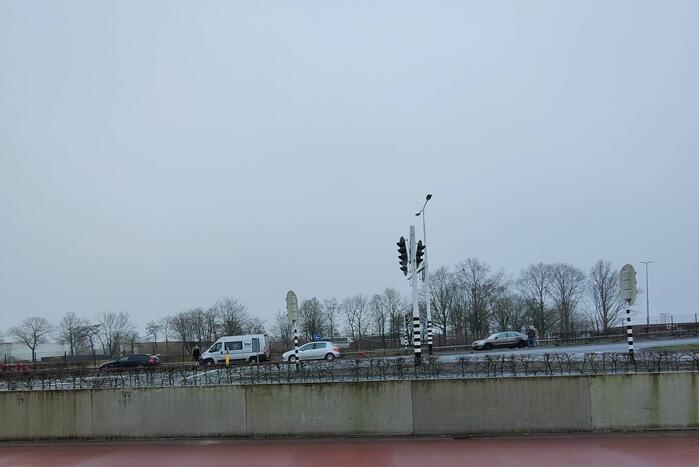 Drie voertuigen lopen flinke schade op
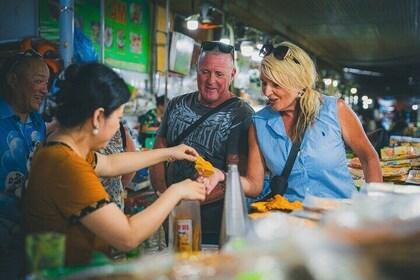 Experience Vietnamese Cooking Class and Local Market In Da Nang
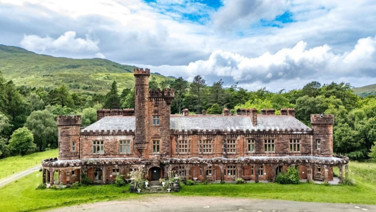 Tek odalı daire fiyatına 20 odalı kale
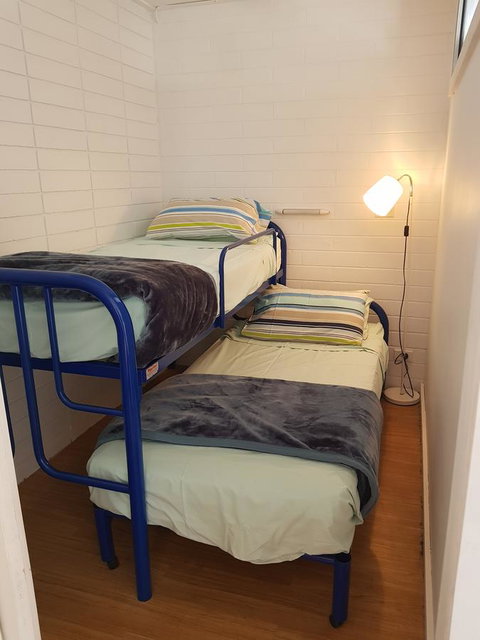 Beach Hut Scamander - Tourism Guide 7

* **THE TASK**: Lines from the one that contains "Experience Vietnamese Cooking" through the last line of the data above are to be extracted exactly, with no pictures and no other lines.

* **RESULT OF THIS TASK**:
 Experience Vietnamese Cooking Class and Local Market In Da Nang
 Tek odalı daire fiyatına 20 odalı kale
 Beach Hut Scamander - Tourism Guide 7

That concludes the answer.